▸ **Required work**
Exact reproduction is required for the lines below starting at the line with "Hrippy Bald Cap" and ending at the line with "Balenciaga Balenciaga White", both included. No other lines, and no pictures.

▸ **Data**
= = = = = = =

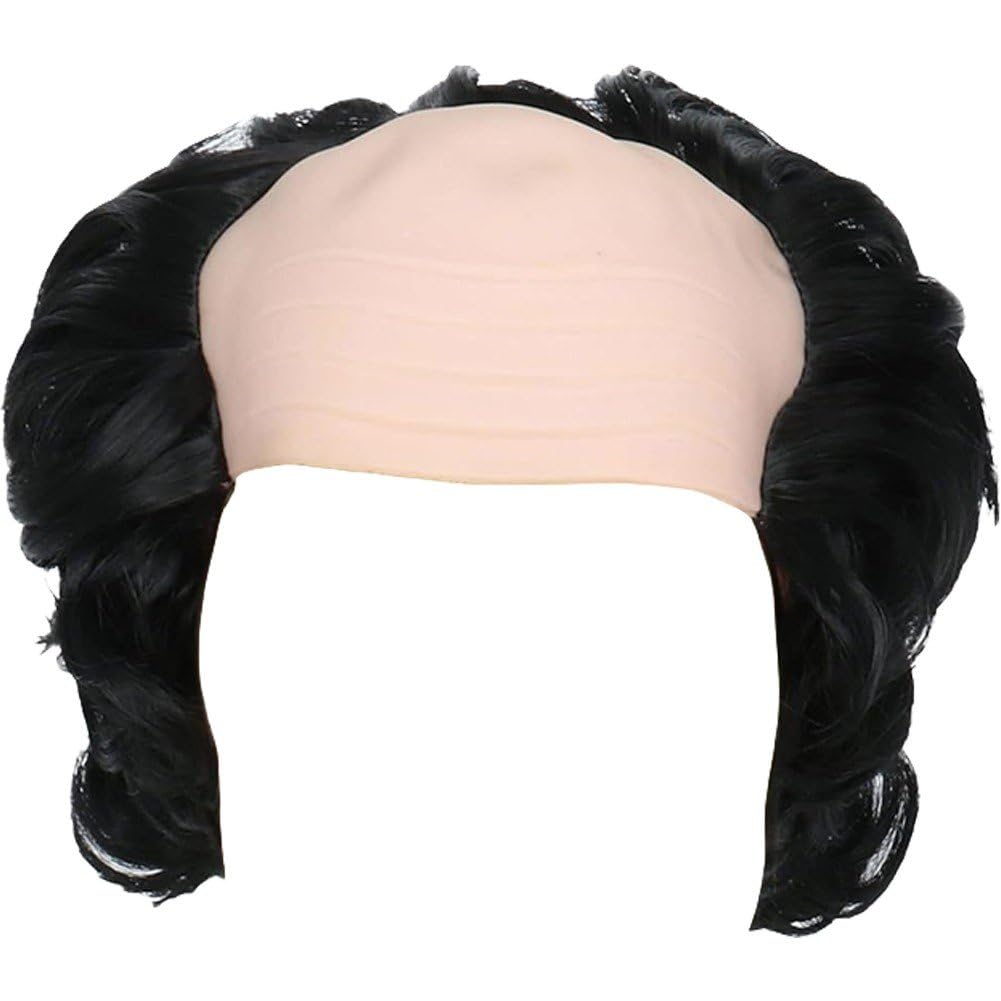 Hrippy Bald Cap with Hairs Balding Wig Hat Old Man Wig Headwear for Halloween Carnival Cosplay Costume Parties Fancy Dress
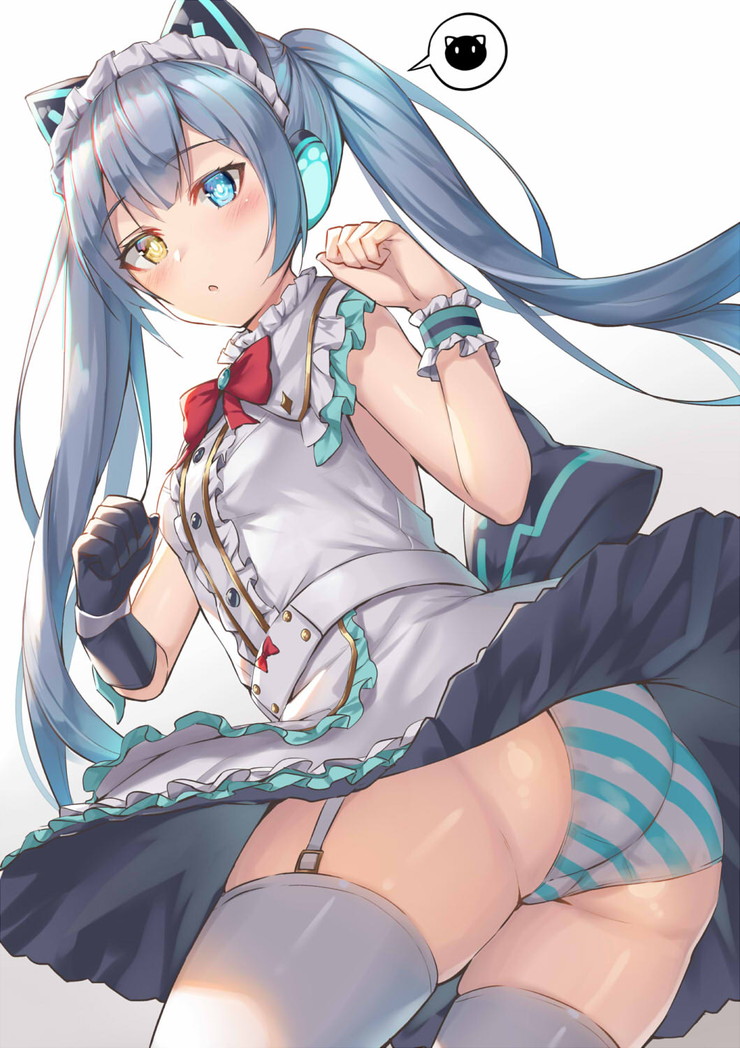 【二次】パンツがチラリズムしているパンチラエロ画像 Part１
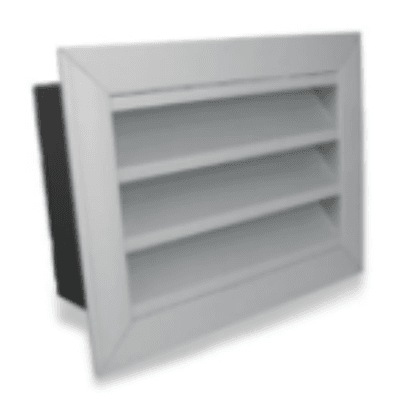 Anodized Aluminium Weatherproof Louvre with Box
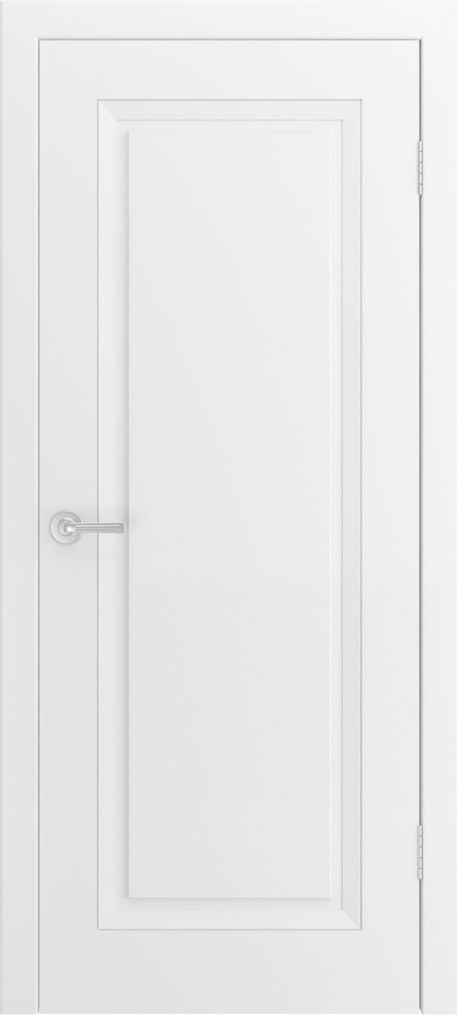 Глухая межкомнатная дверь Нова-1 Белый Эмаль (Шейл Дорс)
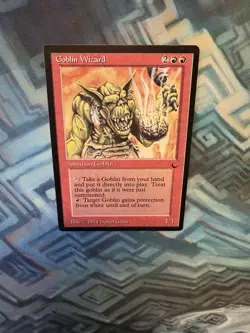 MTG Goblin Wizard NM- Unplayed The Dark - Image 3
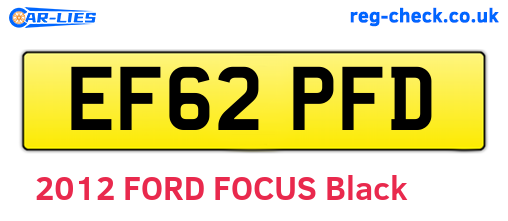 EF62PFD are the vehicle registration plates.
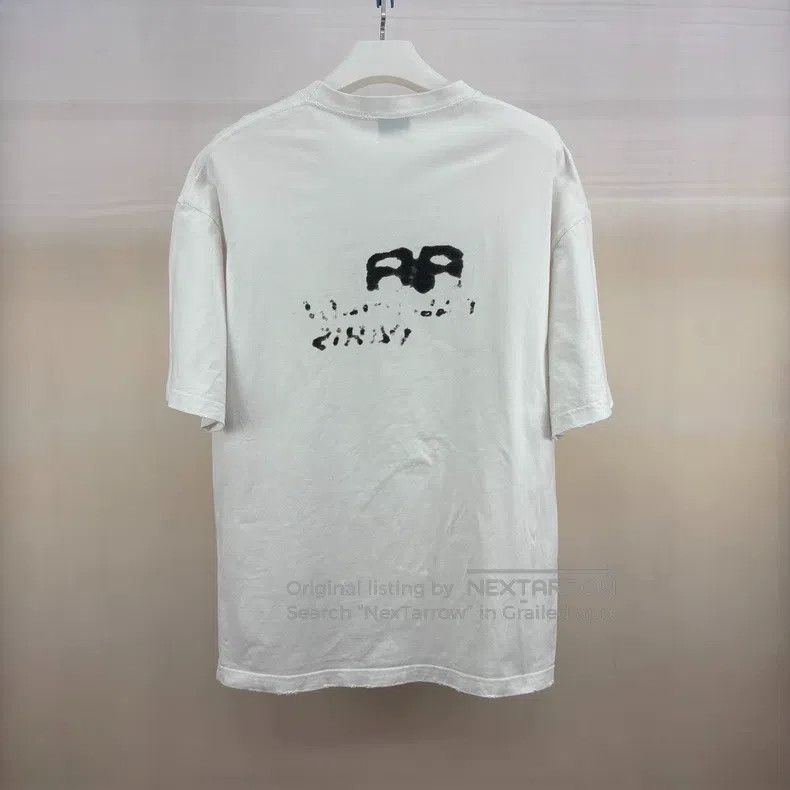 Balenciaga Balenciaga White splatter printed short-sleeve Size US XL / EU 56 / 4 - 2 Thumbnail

= = = = = = =

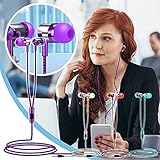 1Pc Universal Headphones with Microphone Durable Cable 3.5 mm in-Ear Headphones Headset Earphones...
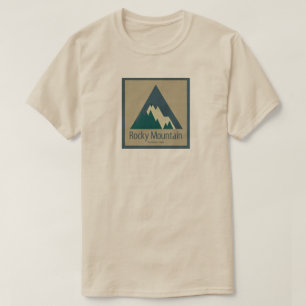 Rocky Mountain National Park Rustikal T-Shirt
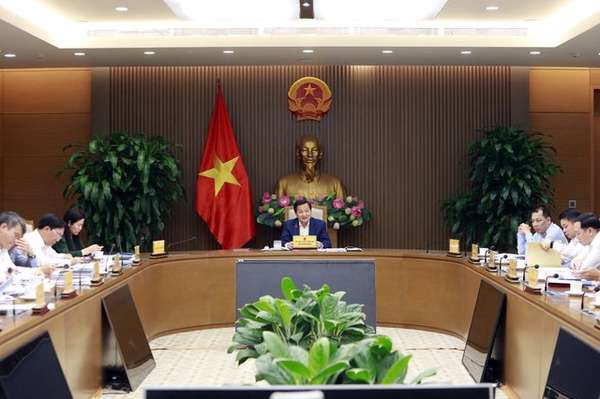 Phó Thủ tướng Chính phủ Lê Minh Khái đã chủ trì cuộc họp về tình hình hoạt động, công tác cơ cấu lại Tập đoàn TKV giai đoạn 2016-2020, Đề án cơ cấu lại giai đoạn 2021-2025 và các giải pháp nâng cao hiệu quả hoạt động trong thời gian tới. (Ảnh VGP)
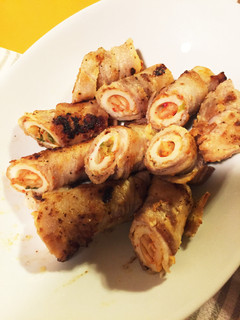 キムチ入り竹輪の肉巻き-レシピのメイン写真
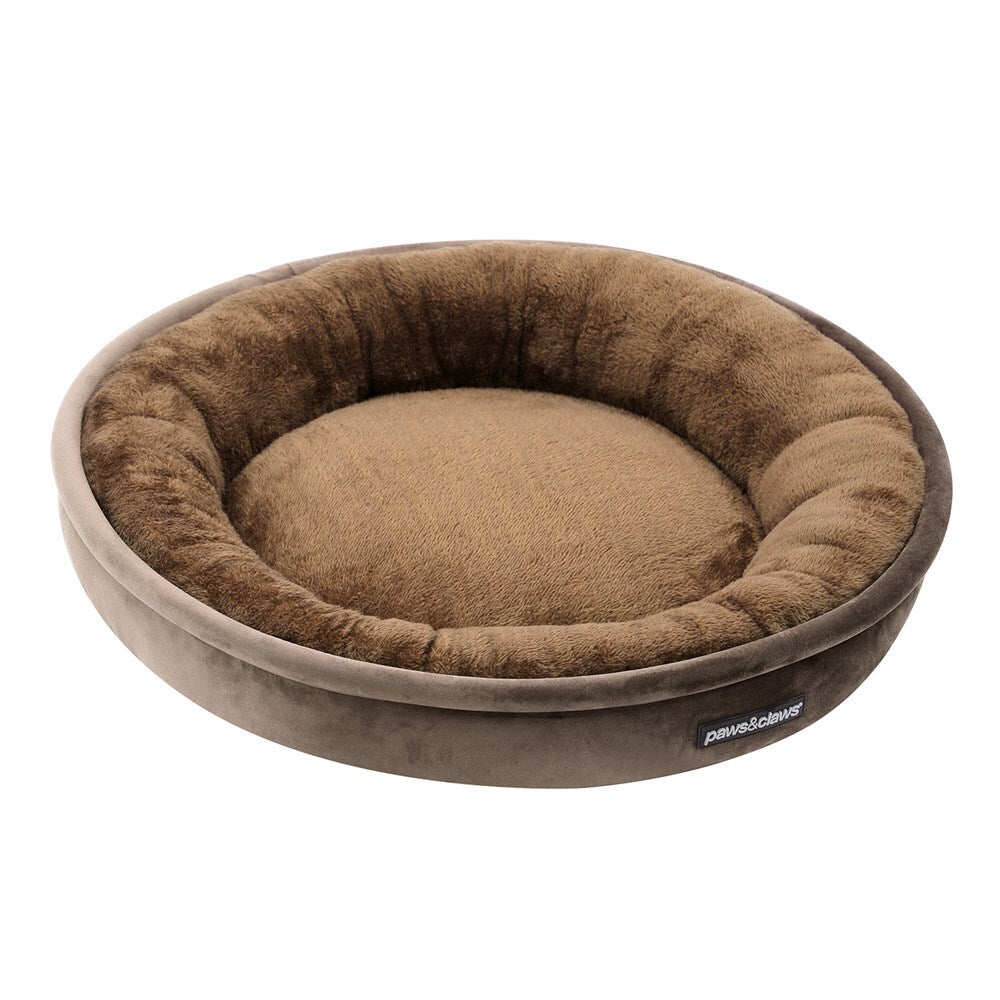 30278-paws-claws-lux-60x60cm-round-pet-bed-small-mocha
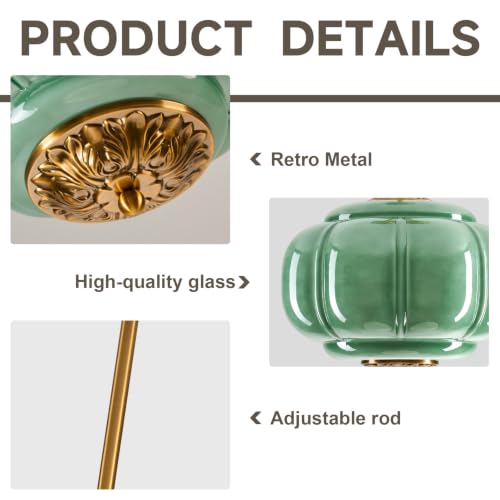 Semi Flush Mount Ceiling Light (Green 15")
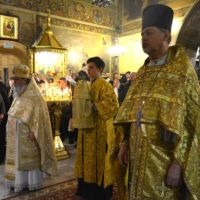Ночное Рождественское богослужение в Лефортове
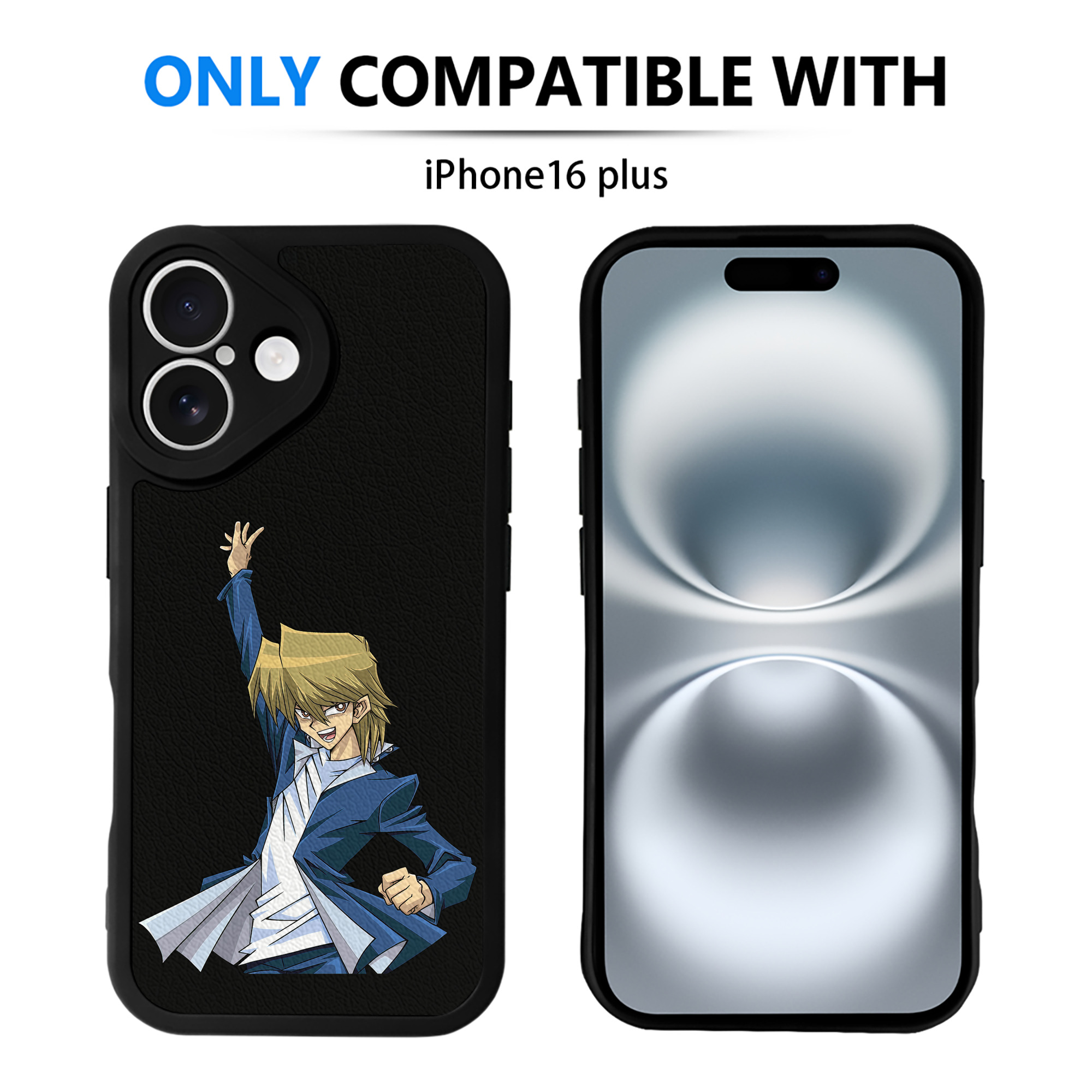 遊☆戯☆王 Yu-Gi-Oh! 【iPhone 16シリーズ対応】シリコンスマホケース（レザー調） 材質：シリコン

= = = = = = =

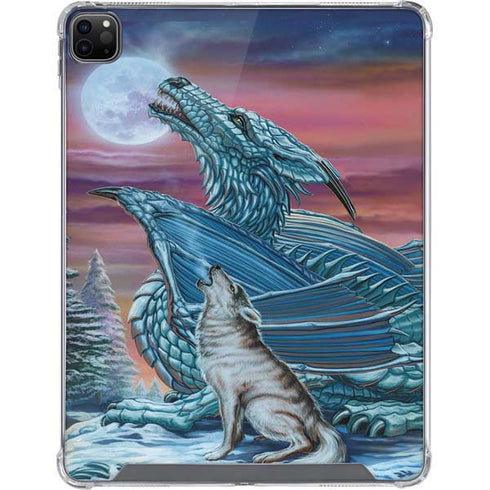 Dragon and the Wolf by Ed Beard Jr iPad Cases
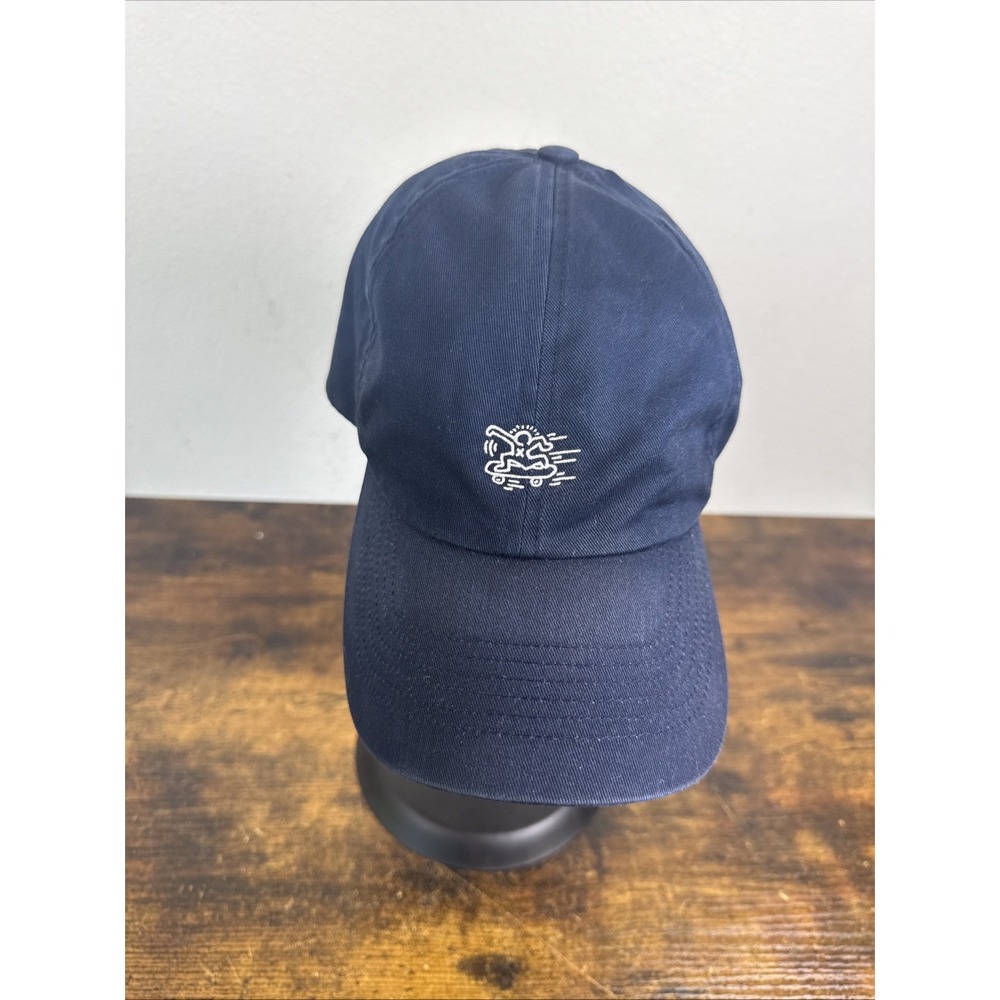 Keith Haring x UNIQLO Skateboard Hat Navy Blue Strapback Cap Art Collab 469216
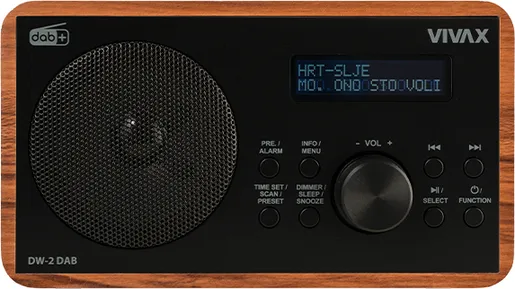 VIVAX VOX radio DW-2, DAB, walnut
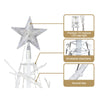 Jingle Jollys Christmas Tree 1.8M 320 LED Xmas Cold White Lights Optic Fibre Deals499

= = = = = = =

▸ **Written response**
 Hrippy Bald Cap with Hairs Balding Wig Hat Old Man Wig Headwear for Halloween Carnival Cosplay Costume Parties Fancy Dress
 【二次】パンツがチラリズムしているパンチラエロ画像 Part１
 Anodized Aluminium Weatherproof Louvre with Box
 Глухая межкомнатная дверь Нова-1 Белый Эмаль (Шейл Дорс)
 MTG Goblin Wizard NM- Unplayed The Dark - Image 3
 EF62PFD are the vehicle registration plates.
 Balenciaga Balenciaga White splatter printed short-sleeve Size US XL / EU 56 / 4 - 2 Thumbnail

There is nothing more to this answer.